## TASK TO CARRY OUT
Repeat every line of the data exactly; no picture belongs in the copy.

## RECORDED DATA

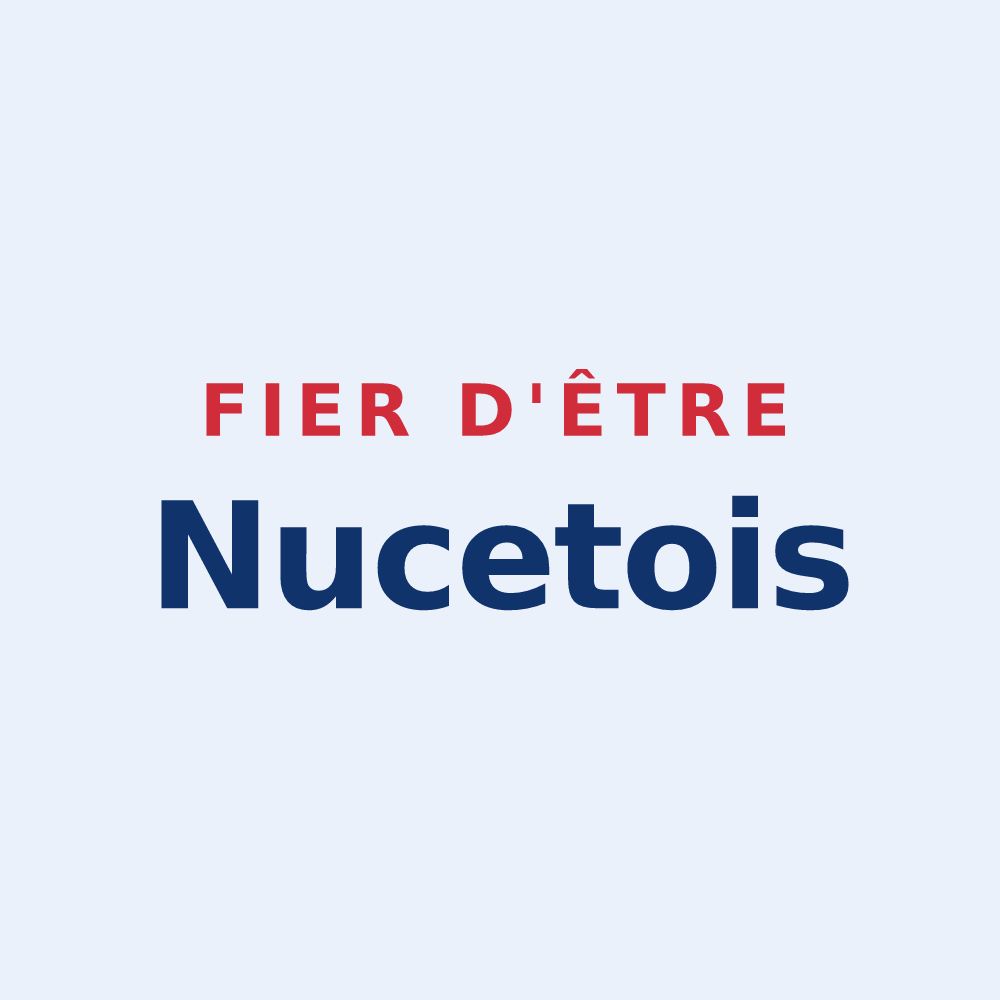 Sticker « Fier d'être Nucetois » — design pour Noyers-sur-Jabron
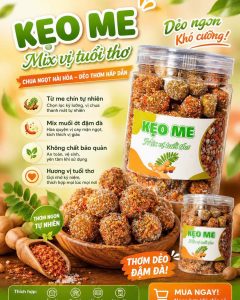 kẹo me mix 3 vị tuổi thơ 500gr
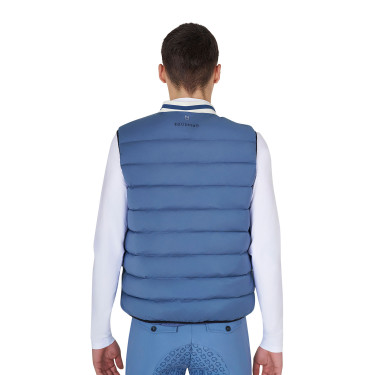 Gilet da uomo Equestro in nylon Mare di Bering Blu
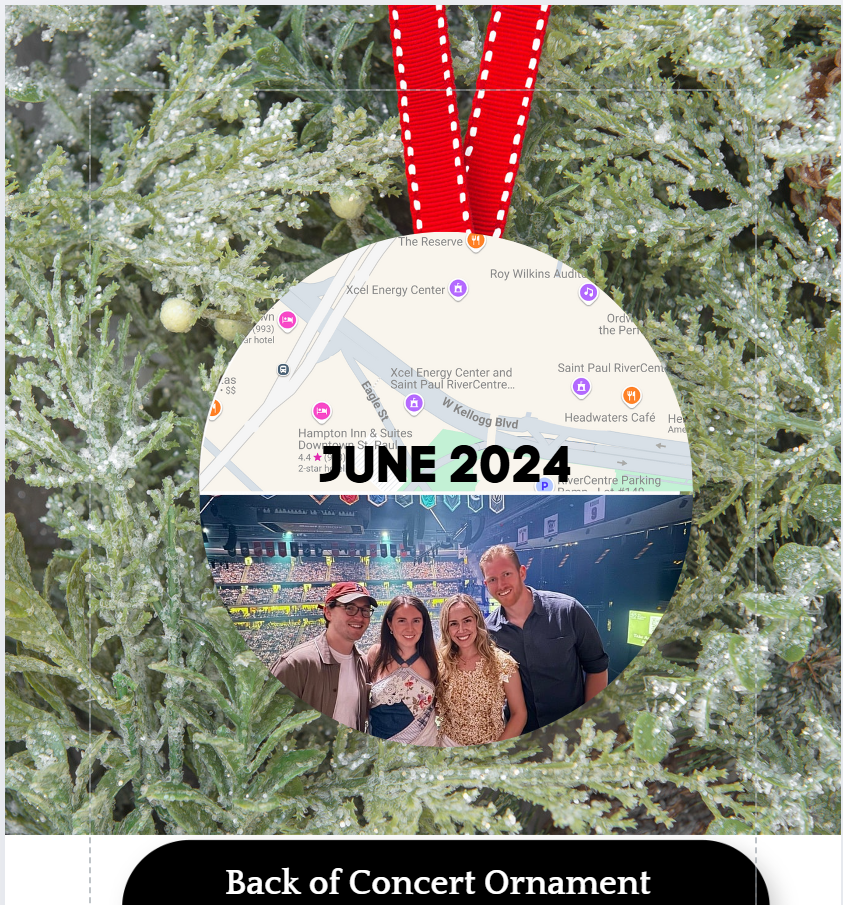 Personalized Ornament-Horizontal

## SOLUTION
 Sticker « Fier d'être Nucetois » — design pour Noyers-sur-Jabron
 kẹo me mix 3 vị tuổi thơ 500gr
 Gilet da uomo Equestro in nylon Mare di Bering Blu
 Personalized Ornament-Horizontal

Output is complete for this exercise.